Onde Vigotski encontra com o ChatGPT?

por Escola da Vila

Ferramentas de inteligência artificial (IA), especialmente o Chat GPT, são algumas novidades que têm movimentado os mais variados campos de atuação humana – inclusive a educação -, causando certa estranheza nos sistemas escolares.

Como era de se esperar, enquanto alguns rejeitam, outros acolhem.

Alguns educadores defendem que essas ferramentas permitem acrescentar (e muito!) ao espaço escolar, se pensarmos no modelo de educação que supera a simples memorização e aplicação limitada do conhecimento.

Pensando em propostas pedagógicas que estimulem a produção de conhecimento, a comunicação e a atuação na sociedade, o Chat GPT torna-se um grande aliado na elaboração de metodologias de investigações e experimentos, no desenvolvimento de sequências de ensino e aprendizagem para turmas mais novas, em campanhas sociais e ambientais, na elaboração de perguntas para entrevistas, entre muitas (e infinitas) possibilidades que vão se desenhando conforme entendemos as capacidades e limitações (será que existem?) dessa interação humano-ferramenta.

Considerando o desenho da escola tradicional, a calculadora e os buscadores (como o Google) são ferramentas que reduzem o sentido da própria escola. Já os sistemas escolares que tornaram mais complexas as suas propostas precisaram incorporar essas ferramentas, e o resultado aponta para uma formação mais atualizada e robusta de seus estudantes.

Hoje os estudantes são capazes de elaborar documentos compartilhados; trabalhar colaborativamente em projetos; elaborar apresentações para compartilhar resultados de trabalhos; realizar pesquisas mais ágeis e em diferentes bancos de dados, distinguindo as más e as boas fontes de consulta; organizar dados em planilhas; utilizar formulários para pesquisas com a comunidade, etc.

Mas e o Chat GPT?

Como vamos aprendendo, essa ferramenta não é apenas uma calculadora ou um buscador de informações. Os desafios são mais complexos.

Lev Vigotski defende que as ferramentas psicológicas (matemática, linguagem, representações artísticas, conceitos científicos), assim como as ferramentas concretas (lápis, caderno, lousa), são os meios que o ser humano utiliza para acessar o mundo físico e social. As nossas ações não podem ser analisadas sem considerarmos esse par “ser humano-ferramenta”.

A analogia clássica é a evolução do salto em altura nas Olimpíadas. Competição após competição, os atletas atingem uma altura maior. Há mudanças significativas quando o instrumento – a vara – é aperfeiçoada e ocorre um desenvolvimento da relação atleta-instrumento.

Talvez a grande preocupação seja a inteligência artificial não fazer parte do nosso conjunto habitual de ferramentas e que, de alguma forma, a relação humano-ferramenta esteja desbalanceada para a capacidade da ferramenta. É como se, agora, a vara de salto não precisasse do desenvolvimento do atleta. Como se a vara pudesse arremessar o atleta por cima do obstáculo, independente do seu desenvolvimento.

Segundo ainda Vigotski, a linguagem não é a expressão do pensamento, ela é, também, pensamento.
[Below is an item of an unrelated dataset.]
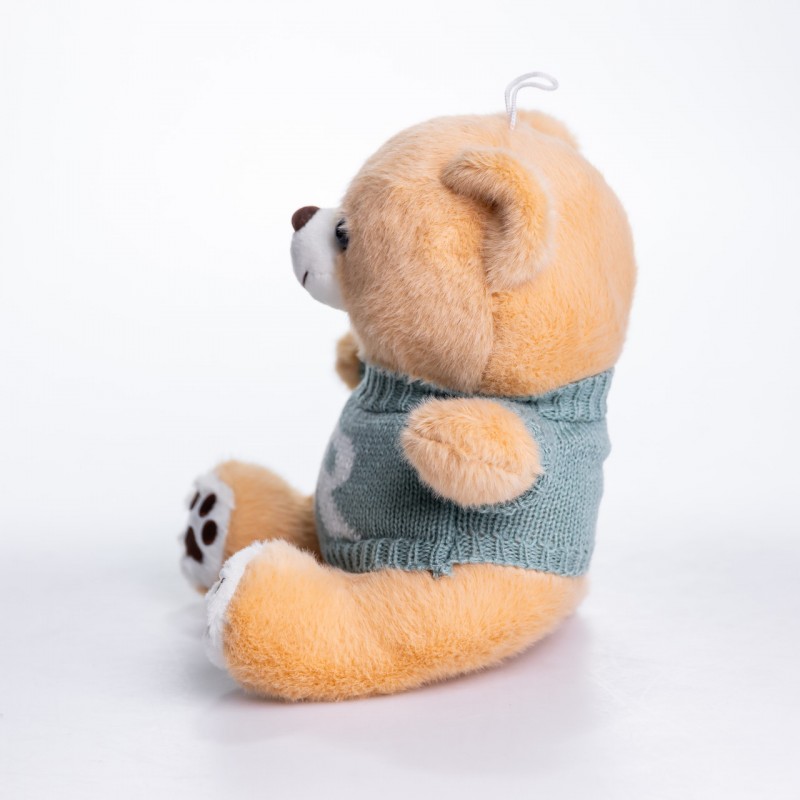 М'яка іграшка-брелок Ведмедик у м'ятному светрі 20 см плюшевий ведмедик 509-28BEGR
O ser humano estrutura seu conhecimento a partir da internalização das estruturas de pensamento do plano social. Argumentação, raciocínio lógico, contagem, solidariedade, respeito, por exemplo, não são estruturas que nascem com o ser humano.

Vivemos em uma cultura que se desenvolveu historicamente e que é apropriada pelo indivíduo quando ele se envolve em práticas sociais, ou seja, se operar essas ferramentas psicológicas nas variadas práticas humanas, por exemplo, brincar, resolver problemas, apreciar, colaborar, etc.

A IA é capaz de operar – bem ou mal – essas operações, que são da cultura humana. No uso da ferramenta, o ser humano não atua conjuntamente em uma série de operações que buscamos que sejam desenvolvidas em plano individual.

A calculadora não é estimulada em diversos momentos da escolaridade, e isso não acontece à toa. E também é compreensível que o Chat GPT não seja. Afinal, tudo depende da intencionalidade pedagógica.

E as infinitas perguntas continuarão brotando e nos desafiando:

Como inserir a inteligência artificial na sala de aula sem prejudicar o desenvolvimento humano?

Como desenvolver metodologias em que a relação humano-IA desenvolva-se dialeticamente?

Isso é possível, considerando que a ferramenta permite uma produção tão autônoma em relação à operação humana?